_Task goal:_
Transcribe exactly, and only, the lines from the one containing "O-Way Body Care" through the end of the entries below, leaving the pictures out.

_Records from a data source:_
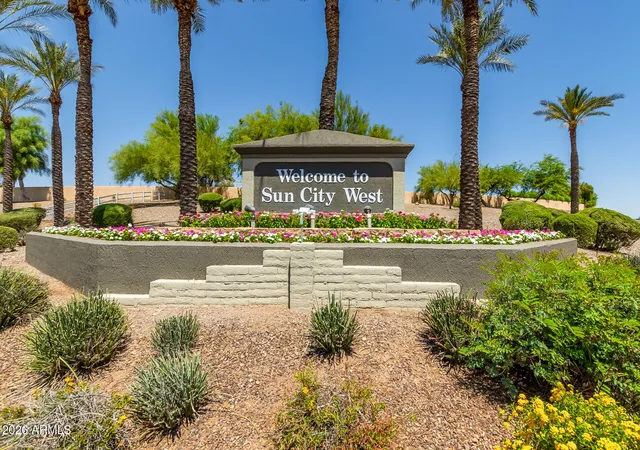 Photo 38 of Single family home for sale at 15144 W Via Manana, Sun City West, AZ 85375 | MLS# 7047093 | Listing updated on 2026-09-04
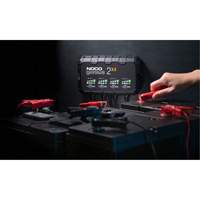 Chargeur de batterie 4 sorties de 8 A Genius 2X4 Equipex
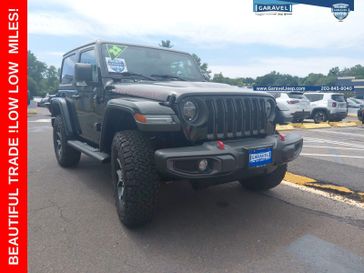 Used 2022 Jeep Wrangler Rubicon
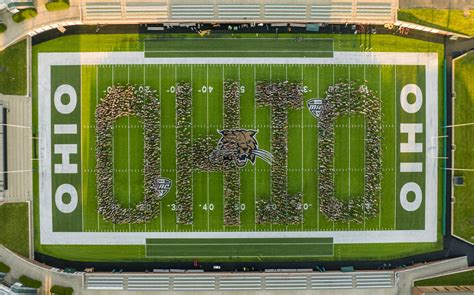 Bobcats Revel In Welcome Week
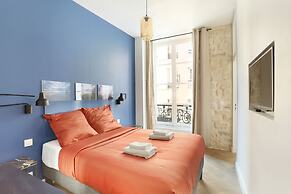 Charming apartment rue de Bretagne (Saintonge)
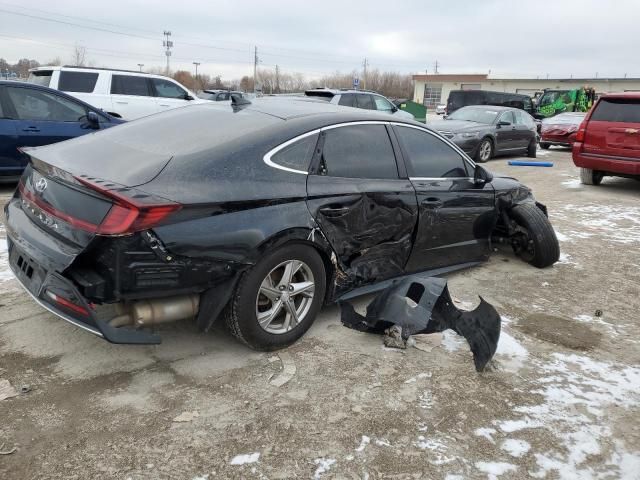 2021 Hyundai Sonata SE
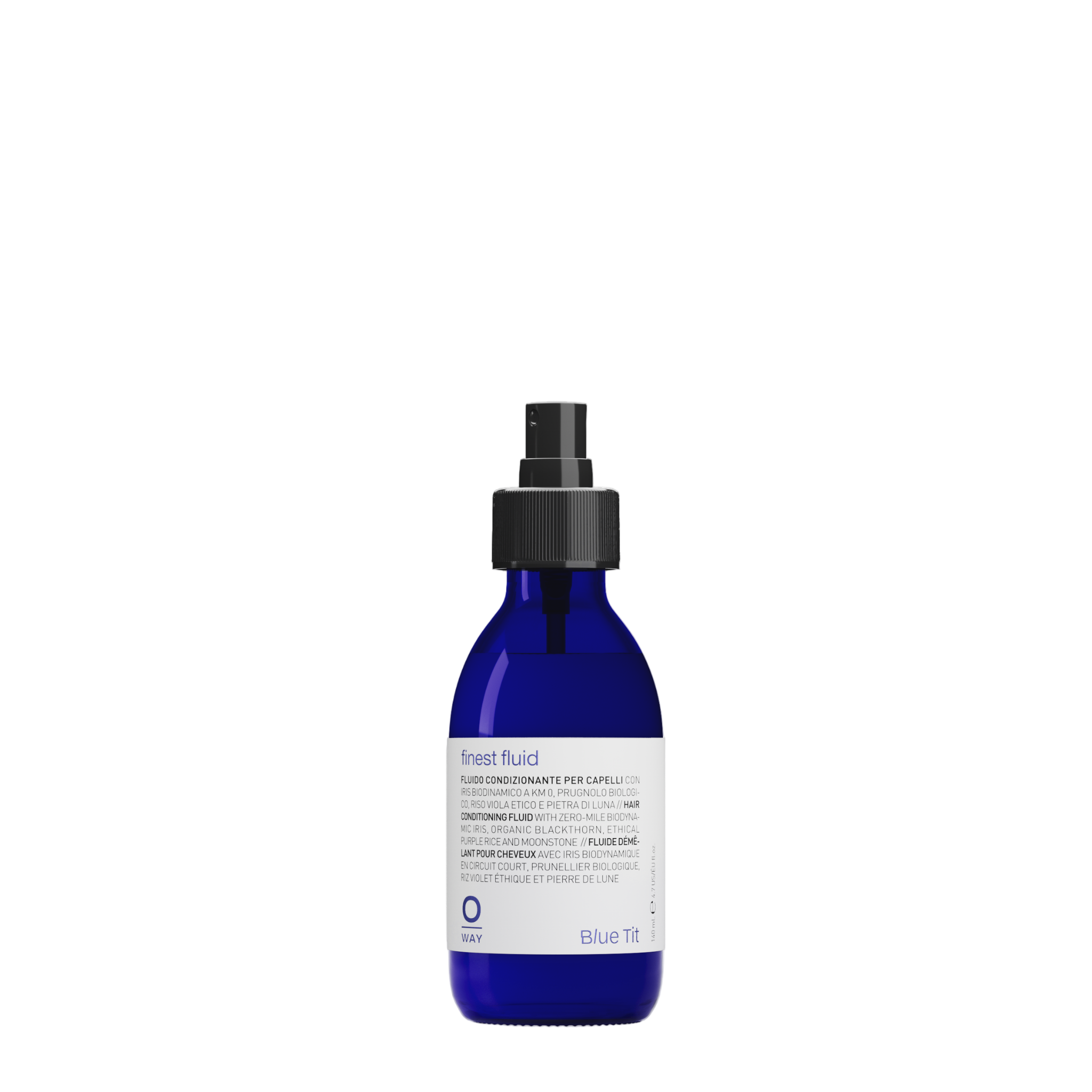 O-Way Body Care Finest Fluid fluido capelli condizionante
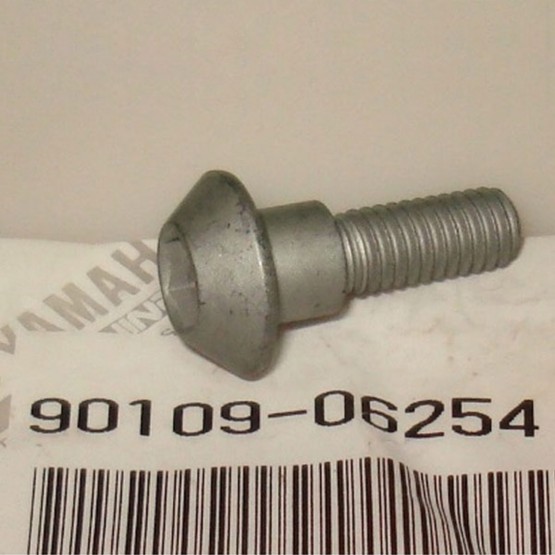 Yamaha 90109-06254-00 - болт крепления тормозного диска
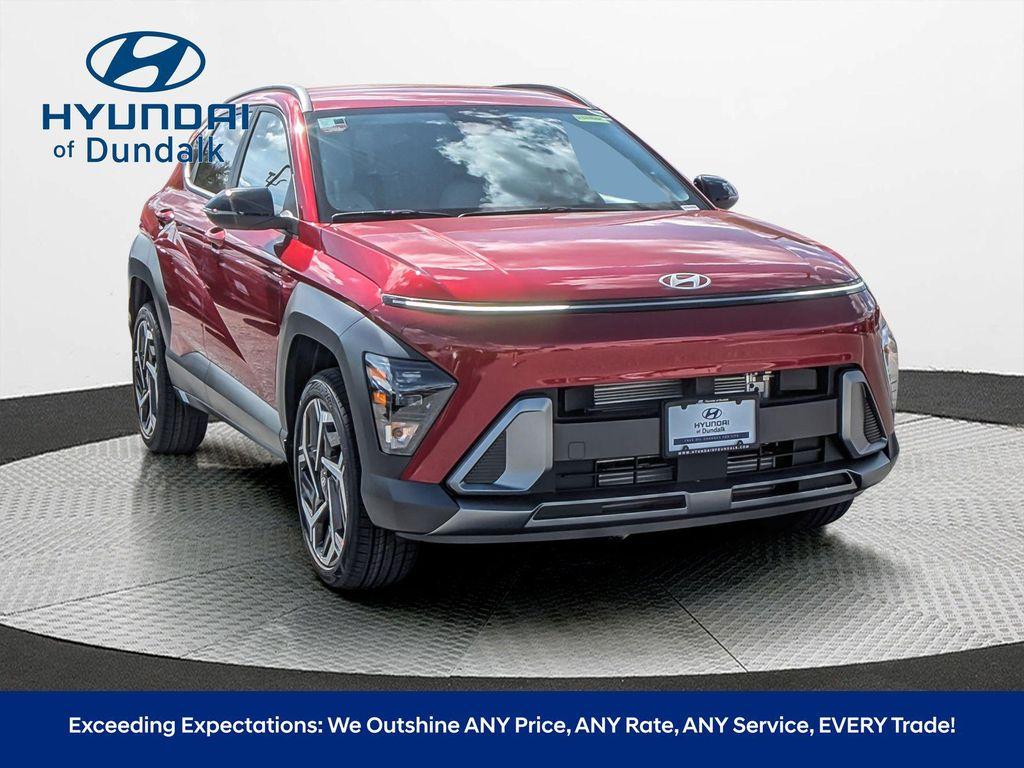 new 2026 Hyundai Kona car, priced at $31,063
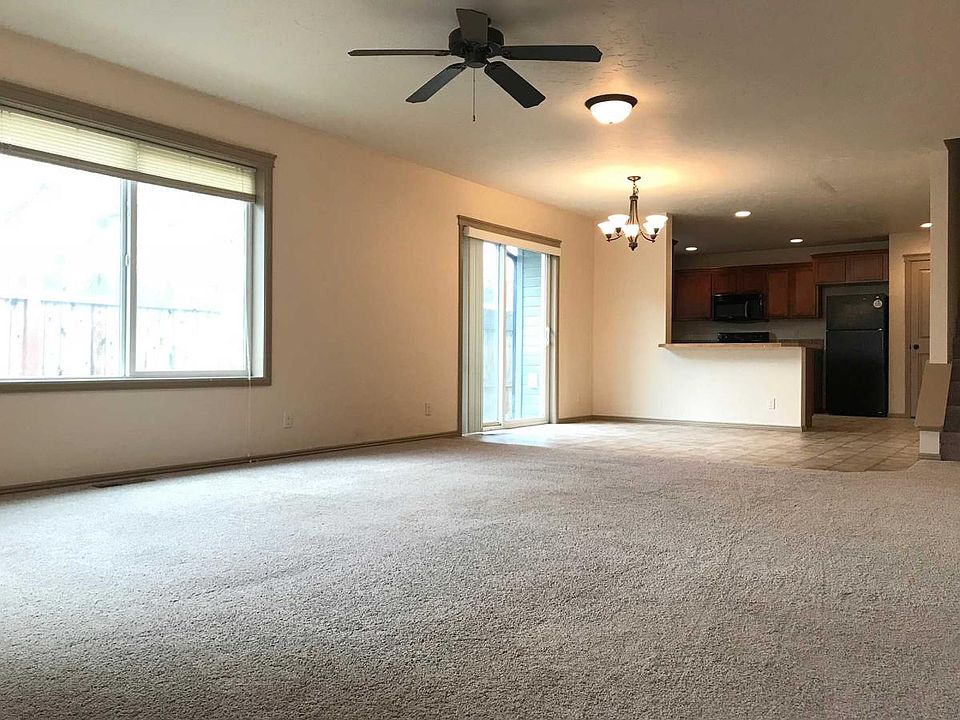 Large living area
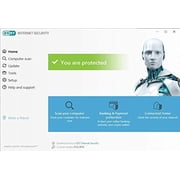 ESET Internet Security 1 Device, 1 Year -Windows - Mac - Android [Digital Download]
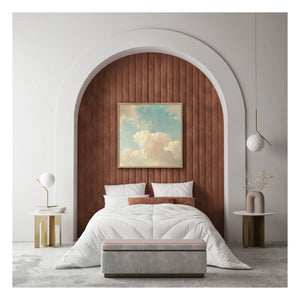 Póster The Dybdahl Co. - Clouds VIII
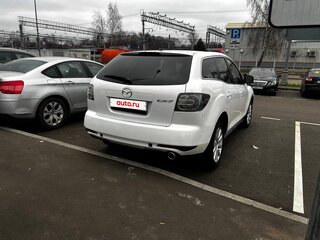 2011 Mazda CX-7 I Рестайлинг, белый, 990000 рублей, вид 5
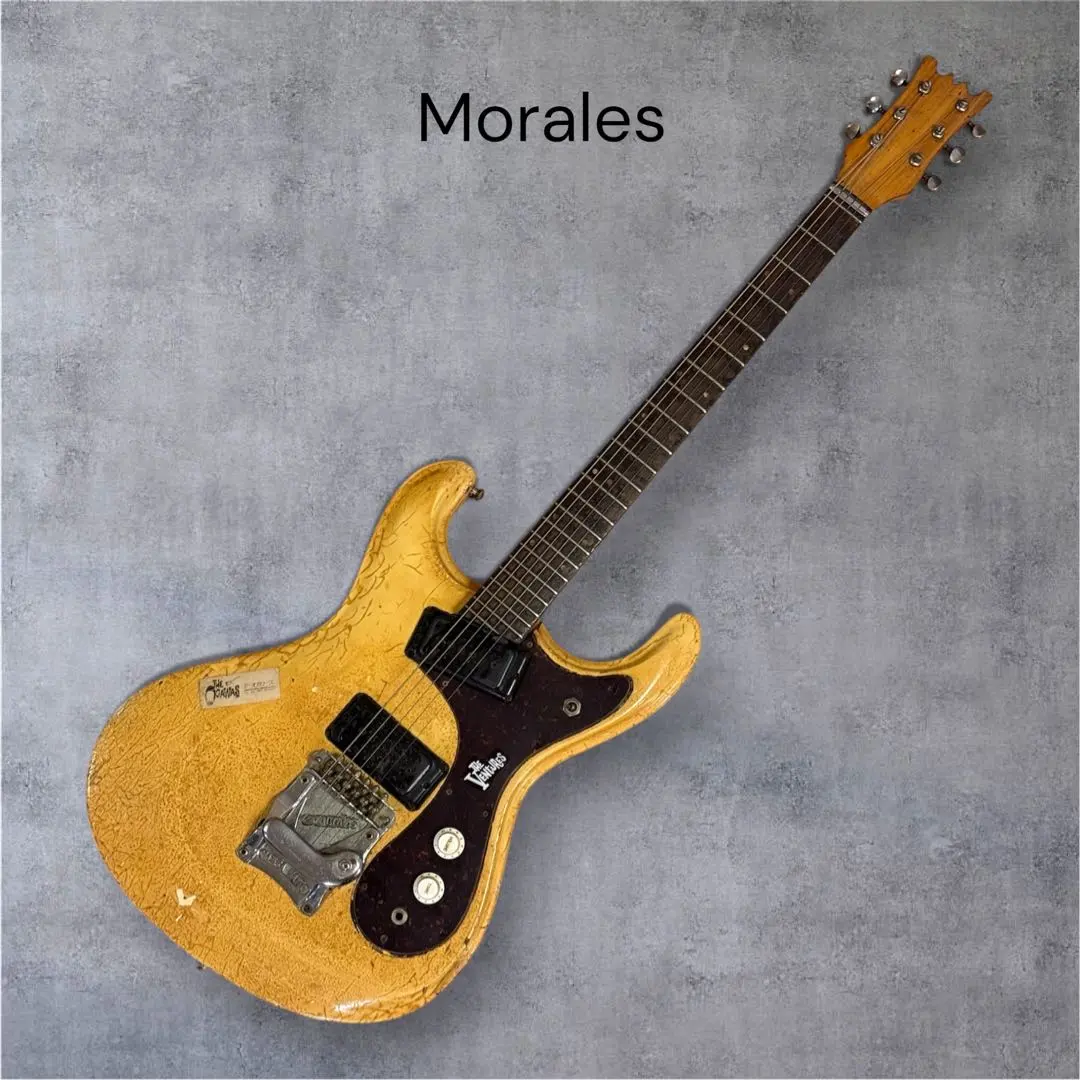 2026年最新】モラレス ギターの人気アイテム - メルカリ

_Answer for the task:_
 O-Way Body Care Finest Fluid fluido capelli condizionante
 Yamaha 90109-06254-00 - болт крепления тормозного диска
 new 2026 Hyundai Kona car, priced at $31,063
 Large living area
 ESET Internet Security 1 Device, 1 Year -Windows - Mac - Android [Digital Download]
 Póster The Dybdahl Co. - Clouds VIII
 2011 Mazda CX-7 I Рестайлинг, белый, 990000 рублей, вид 5
 2026年最新】モラレス ギターの人気アイテム - メルカリ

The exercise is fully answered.